__Your objective__.
If a line below falls between the line with "4822 73rd Street" and the line with "TS4 x64 2026 04 17 11 27 15 723", or is one of those two, output it exactly; output nothing else and no pictures.

-- Data for processing follows --

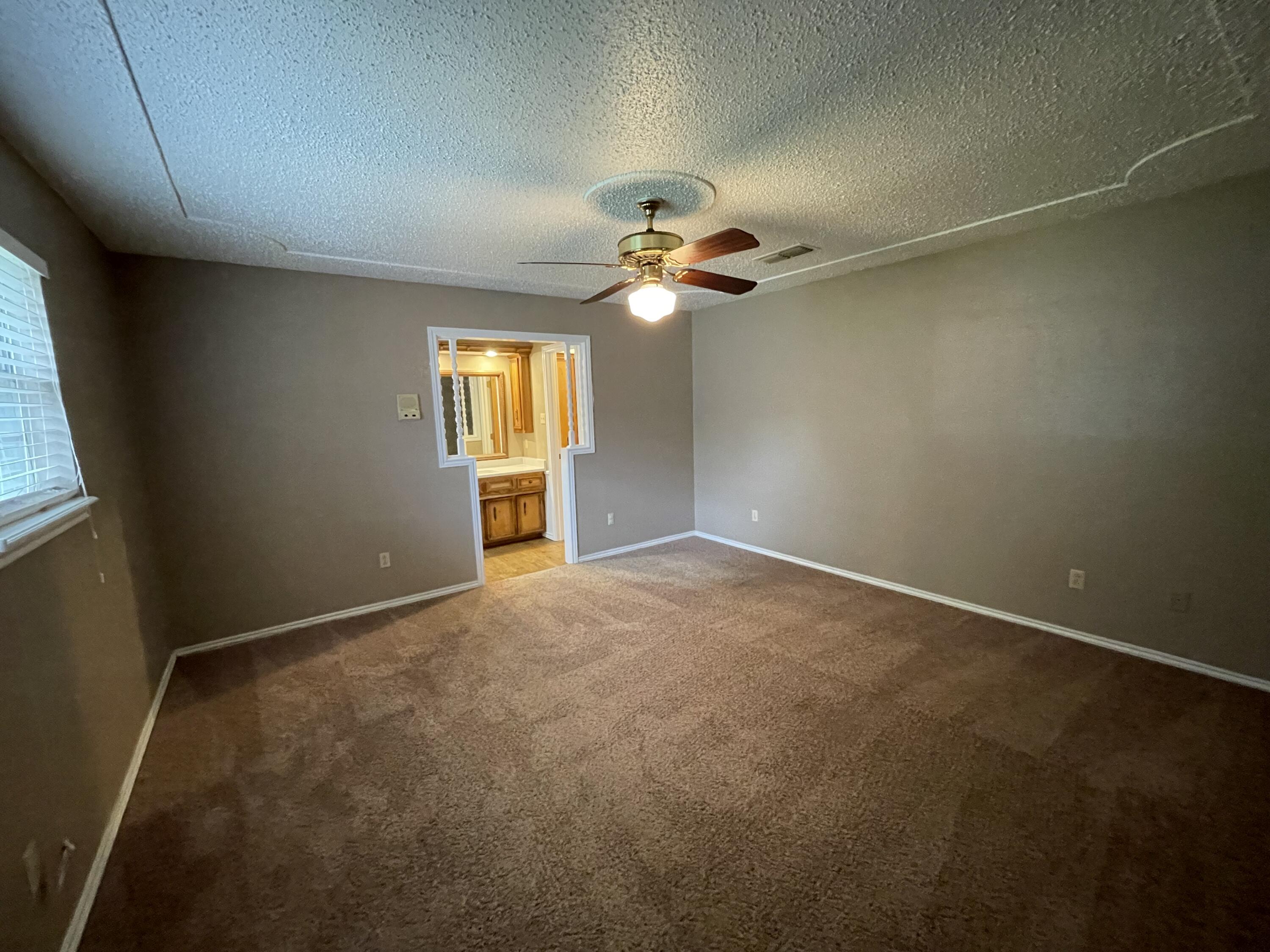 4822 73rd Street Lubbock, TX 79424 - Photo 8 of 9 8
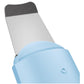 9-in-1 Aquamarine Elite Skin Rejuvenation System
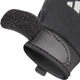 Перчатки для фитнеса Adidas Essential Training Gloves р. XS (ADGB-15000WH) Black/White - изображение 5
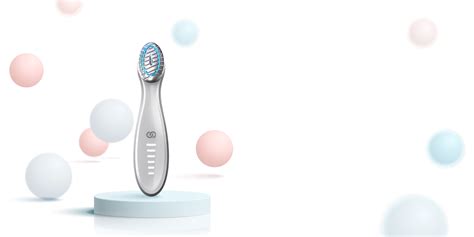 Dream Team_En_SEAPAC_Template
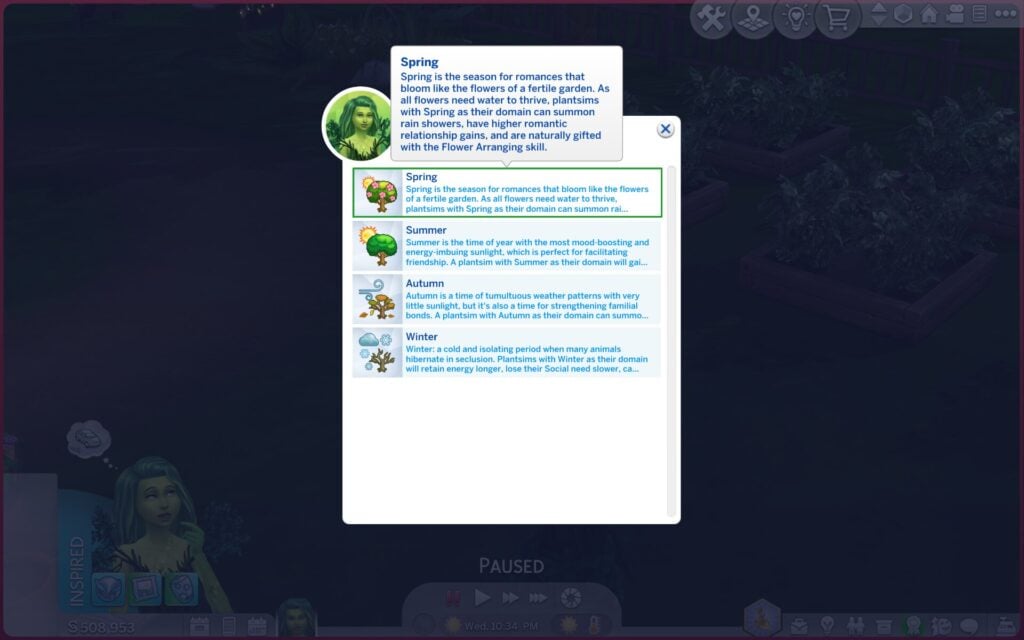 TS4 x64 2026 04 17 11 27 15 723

-- Data for processing concluded --
-- Data for processing follows --

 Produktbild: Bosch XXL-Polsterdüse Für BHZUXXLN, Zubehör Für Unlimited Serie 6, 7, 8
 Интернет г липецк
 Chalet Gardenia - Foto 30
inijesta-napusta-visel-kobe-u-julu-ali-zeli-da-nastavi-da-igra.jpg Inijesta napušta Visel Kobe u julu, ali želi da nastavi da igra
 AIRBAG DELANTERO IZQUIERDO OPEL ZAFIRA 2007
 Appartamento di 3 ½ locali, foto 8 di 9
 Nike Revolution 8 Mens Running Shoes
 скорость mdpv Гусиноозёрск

-- Data for processing concluded --

__Solution for this exercise__.
 4822 73rd Street Lubbock, TX 79424 - Photo 8 of 9 8
 9-in-1 Aquamarine Elite Skin Rejuvenation System
 Перчатки для фитнеса Adidas Essential Training Gloves р. XS (ADGB-15000WH) Black/White - изображение 5
 Dream Team_En_SEAPAC_Template
 TS4 x64 2026 04 17 11 27 15 723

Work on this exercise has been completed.